For many celebrities, this gentle humiliation became a rite of passage, and a key part of promotional tours for books, TV shows, albums and films.
In 2015, it even drew in Barack Obama who read aloud Tweets mocking his unfashionable jeans, grey hair and big ears. Although this video has to date garnered 59 million views, it might be where the rot set in: the Tweets weren’t really that mean at all, just enough to show the President as a good sport. Sincerity as spin.
Marketing and PR people soon added Mean Tweets to their arsenal of tricks.
In 2015, viewers of ad breaks in TV talent show The X-Factor saw staff from the Daily Mirror reacting to Tweets bluntly mocking its claim to be an “intelligent tabloid” in a campaign devised by marketing agency Quiet Storm.
Taking a slightly different approach, Scottish brewery BrewDog issued staff in its bars with T-shirts featuring negative online comments: “Garbage, over priced, full of *****. Cheese board is alright.” Mean Tweets in meatspace.
Fast-food chain KFC used Mean Tweets as the cornerstone of a major campaign in autumn 2018, paying Twitter to boost the reach of a critical Tweet from Charlie Burness, before launching a poster and billboard campaign featuring similarly harsh words from other customers.
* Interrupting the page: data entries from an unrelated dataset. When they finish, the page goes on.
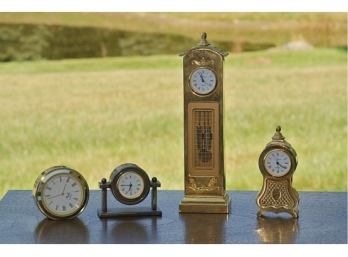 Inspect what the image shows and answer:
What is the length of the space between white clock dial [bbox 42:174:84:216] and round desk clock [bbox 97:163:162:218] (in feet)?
0.35

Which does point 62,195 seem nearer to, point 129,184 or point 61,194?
point 61,194

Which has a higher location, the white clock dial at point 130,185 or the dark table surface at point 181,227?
the white clock dial at point 130,185

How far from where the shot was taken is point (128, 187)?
3.40m

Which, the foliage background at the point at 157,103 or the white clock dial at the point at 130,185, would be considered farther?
the foliage background at the point at 157,103

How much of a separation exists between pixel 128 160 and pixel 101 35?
3.05 ft

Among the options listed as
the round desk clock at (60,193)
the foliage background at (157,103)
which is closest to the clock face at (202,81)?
the round desk clock at (60,193)

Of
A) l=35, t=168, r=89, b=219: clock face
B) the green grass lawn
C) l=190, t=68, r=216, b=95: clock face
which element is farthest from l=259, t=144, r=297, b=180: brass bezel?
the green grass lawn

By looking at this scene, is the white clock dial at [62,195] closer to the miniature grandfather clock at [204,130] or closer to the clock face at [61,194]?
the clock face at [61,194]

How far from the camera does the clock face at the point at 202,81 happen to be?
11.1 feet

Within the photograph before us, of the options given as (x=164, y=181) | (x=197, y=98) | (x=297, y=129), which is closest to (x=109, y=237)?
(x=197, y=98)

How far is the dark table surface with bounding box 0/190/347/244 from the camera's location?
120 inches

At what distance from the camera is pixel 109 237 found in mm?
3100

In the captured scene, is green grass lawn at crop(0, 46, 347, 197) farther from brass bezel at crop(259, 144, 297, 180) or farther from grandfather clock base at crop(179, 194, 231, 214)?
brass bezel at crop(259, 144, 297, 180)

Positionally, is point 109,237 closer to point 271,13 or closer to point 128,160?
point 128,160
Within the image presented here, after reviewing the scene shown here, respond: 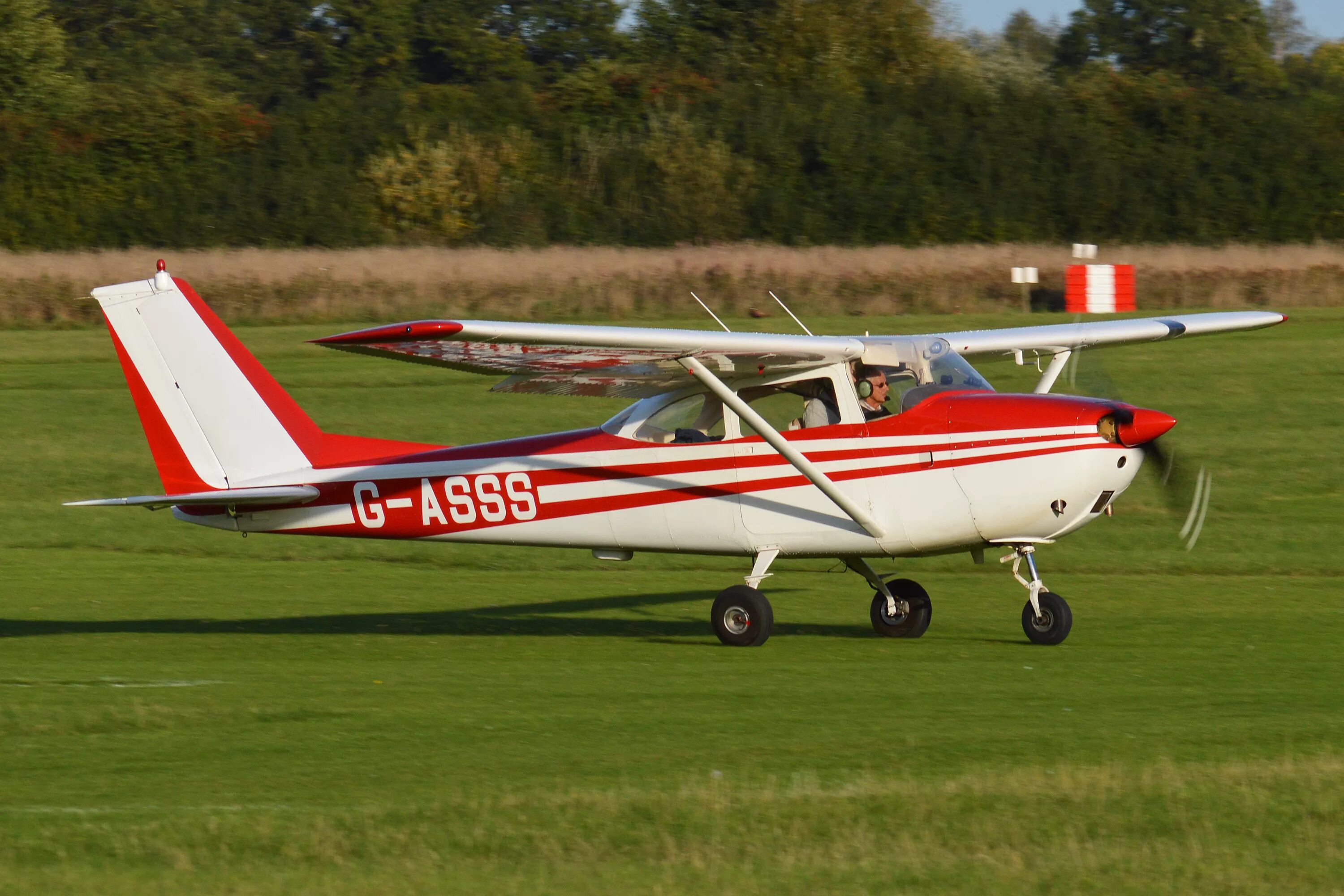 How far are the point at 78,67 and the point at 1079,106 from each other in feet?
124

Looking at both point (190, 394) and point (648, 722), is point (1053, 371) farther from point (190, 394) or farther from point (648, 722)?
point (190, 394)

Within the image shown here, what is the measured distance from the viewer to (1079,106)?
5228cm

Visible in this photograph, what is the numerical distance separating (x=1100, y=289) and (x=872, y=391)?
21.4m

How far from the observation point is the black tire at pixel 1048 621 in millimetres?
10820

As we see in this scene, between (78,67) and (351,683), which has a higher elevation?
(78,67)

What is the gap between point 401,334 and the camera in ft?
27.2

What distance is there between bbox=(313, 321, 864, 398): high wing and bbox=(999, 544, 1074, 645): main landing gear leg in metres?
1.77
This, of course, trailed the launch of new recipe KFC fries.
There have been countless other examples, including several from charities and social causes. Those tend to perform a kind of bait-and-switch, luring people in with humour before delivering a hard-hitting punchline.
This looks like a quick, cheap, easy format to imitate, but there’s a surprising amount of sophistication required in the production of a Mean Tweets style video. Even the Daily Mirror didn’t really pull it off, or Head & Shoulders.
BrewDog’s approach – T-shirts rather than video – might be more applicable, although it was only really effective for them because the brand is built on being confrontational.
The boring answer is that though there is mileage to be gained from publicly responding to criticism, whether that’s in measured, factual responses to bad online reviews, or by using complaints as the inspiration for explanatory blog posts, most of us mere mortals should tread carefully.
There’s a risk of getting the tone wrong, for one thing – it’s easy to aim for self-deprecating but instead land on defensive, or Basil Fawlty.
Keep it calm, focus on conveying honesty and humanity, and use it as an opportunity to demonstrate how you’ve fixed the problem, though, and you might find an angle.
Many people like to watch a fight.
I think it also depends on the mean tweets your business is getting. Means tweets are funny because they're either:
so off point they don't make sense or
so on on point that being defensive would be an overreaction.
And you have to consider if this type of campaign would fit in with your brand persona. If it doesn't fit, it'll probably backfire.